At the back of a leather-bound volume on the bottom shelf of many albums, she found three pictures of Tom with Leigh.
In one, they sat together on a boat, heads inclined toward each other, hers so very blonde, his darker, his thick eyebrows furrowed, worried looking. Leigh looked up at him, and although the picture was black and white, her gray eyes appeared translucent. They sat in the stern of a speedboat, a white trail behind them, globules of water decorating both their faces. Tom gazed back at her, lovestruck. She appeared happy, without connection.
In another, they smiled into the camera, Tom, several inches taller than Leigh, standing against a desert backdrop of treeless, cracked ground. He had looped an arm over her shoulder.
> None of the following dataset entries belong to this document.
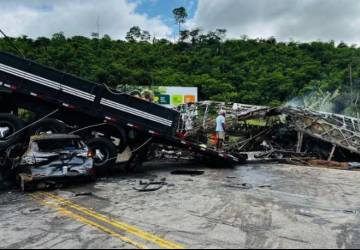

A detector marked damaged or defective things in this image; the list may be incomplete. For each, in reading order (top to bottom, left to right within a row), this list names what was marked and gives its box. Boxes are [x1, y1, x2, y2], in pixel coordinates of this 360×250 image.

overturned truck [0, 51, 246, 179]
crushed car [14, 135, 95, 191]
wrecked truck [15, 135, 95, 191]
burned vehicle [16, 135, 95, 191]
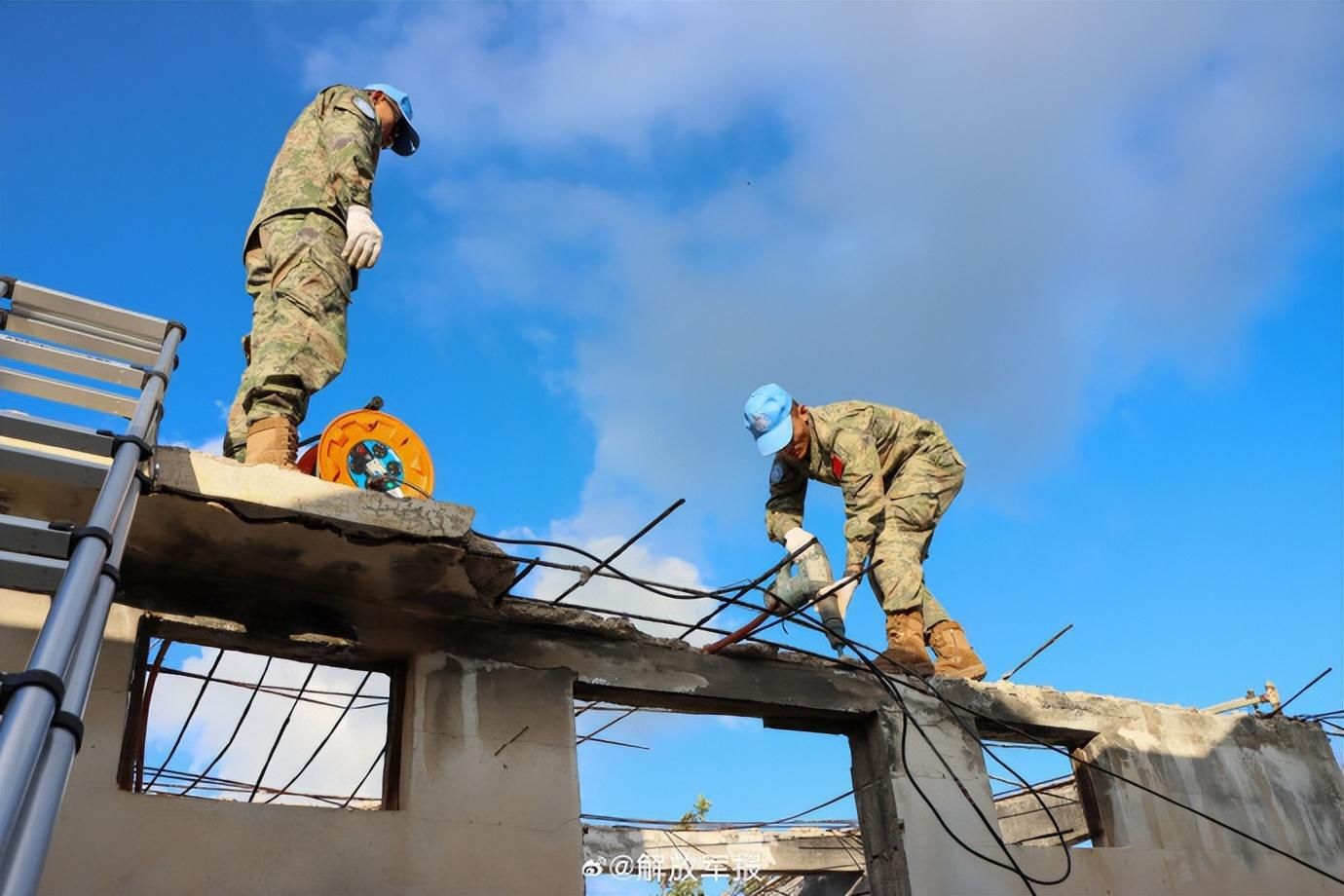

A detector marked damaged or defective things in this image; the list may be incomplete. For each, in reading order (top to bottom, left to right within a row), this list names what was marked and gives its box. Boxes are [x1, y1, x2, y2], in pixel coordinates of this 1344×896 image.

broken concrete edge [154, 445, 478, 542]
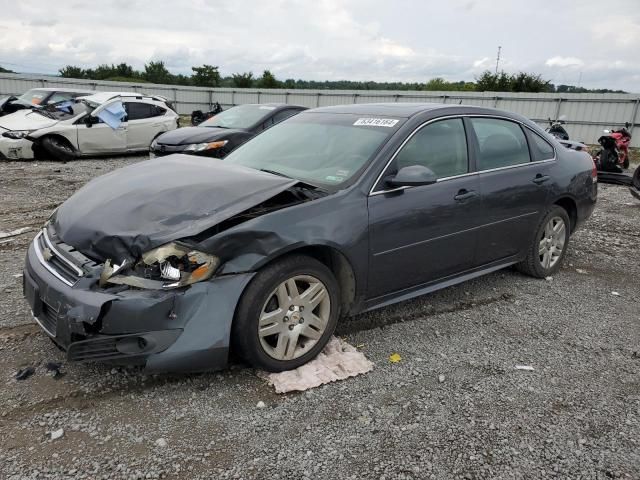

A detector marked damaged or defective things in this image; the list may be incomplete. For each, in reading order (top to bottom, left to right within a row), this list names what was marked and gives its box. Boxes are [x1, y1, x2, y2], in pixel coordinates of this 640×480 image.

damaged front bumper [0, 136, 34, 160]
crumpled hood [0, 109, 57, 131]
crumpled hood [156, 125, 244, 144]
crumpled hood [53, 156, 298, 262]
broken headlight [100, 244, 219, 288]
damaged front bumper [25, 234, 255, 374]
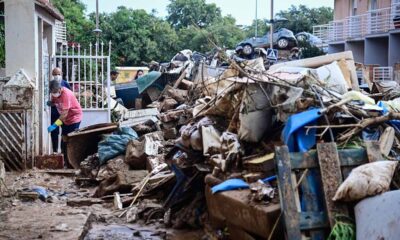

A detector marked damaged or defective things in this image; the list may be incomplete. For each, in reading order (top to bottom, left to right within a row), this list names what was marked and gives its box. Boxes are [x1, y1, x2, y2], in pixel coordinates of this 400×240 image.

rusty metal sheet [0, 110, 26, 171]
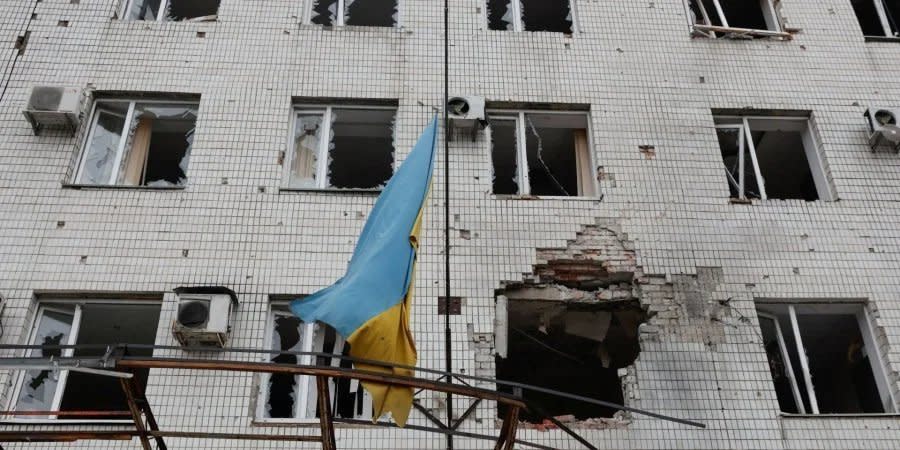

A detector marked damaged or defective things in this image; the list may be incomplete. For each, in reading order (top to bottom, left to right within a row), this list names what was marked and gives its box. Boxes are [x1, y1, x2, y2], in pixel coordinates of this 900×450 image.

shattered glass pane [125, 0, 162, 20]
broken window [121, 0, 220, 21]
broken window sash [121, 0, 220, 21]
damaged balcony structure [121, 0, 220, 21]
shattered glass pane [163, 0, 218, 21]
shattered glass pane [310, 0, 338, 25]
broken window [308, 0, 396, 27]
broken window sash [308, 0, 396, 27]
damaged balcony structure [308, 0, 396, 27]
shattered glass pane [344, 0, 398, 27]
broken window [488, 0, 572, 32]
broken window sash [488, 0, 572, 32]
damaged balcony structure [488, 0, 572, 33]
shattered glass pane [520, 0, 568, 32]
broken window [684, 0, 784, 37]
broken window sash [684, 0, 784, 37]
damaged balcony structure [684, 0, 784, 38]
broken window [852, 0, 900, 37]
shattered glass pane [77, 102, 128, 185]
broken window [75, 99, 199, 187]
broken window sash [75, 100, 199, 186]
damaged balcony structure [75, 98, 199, 188]
shattered glass pane [118, 102, 197, 186]
shattered glass pane [290, 114, 322, 190]
broken window [286, 107, 396, 190]
broken window sash [288, 107, 394, 190]
shattered glass pane [326, 109, 390, 190]
shattered glass pane [488, 117, 516, 194]
broken window sash [488, 110, 596, 196]
broken window [488, 111, 596, 196]
broken window [712, 115, 832, 201]
broken window sash [712, 115, 832, 201]
shattered glass pane [14, 308, 74, 414]
broken window [10, 300, 162, 420]
shattered glass pane [268, 316, 306, 418]
broken window [256, 304, 372, 420]
rusty metal canopy frame [0, 342, 704, 448]
broken window [492, 290, 648, 424]
broken window [756, 302, 896, 414]
broken window sash [756, 302, 896, 414]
They looked relaxed, like two people who belonged together.
In the third and last picture, Tom was peripheral, not part of the framed group. He sat on a bench in the background, watching Leigh whoop it up at an evening party, champagne glass in one hand, a plate of hors d’oeuvres in the other. Behind her, an orange desert sky blazed. Tom, lurking in shadows, appeared to glower.
Leigh glowed like the moon, handsome young men hovering nearby.
Kat pulled out the photos and pushed them into her pocket. She shut the album.
“Find anything?” Ray called from outside.
“Nothing.”
“I have something.” He held his hands cupped as he showed her some broken nutshells.
“These haven’t been around long. I found them strewn all around under the back balcony where the blue jays hang.”
“Peanuts. She likes peanuts.”
“She sat out there eating peanuts.”
Neither of them said the obvious: maybe whoever had hurt her had sat out there, watching the jays.
“Put ’em in another bag, and we’ll bring them, too,” Kat advised. “For DNA testing.”
“You’ve made up your mind she’s dead,” Ray said. “Haven’t you?”
Kat held up her hands.
“I want to spend a few more hours in the area before we go back,” Ray said. “Please. I can’t go back quite yet. It’s too awful. That shirt. I need some kind of hope.”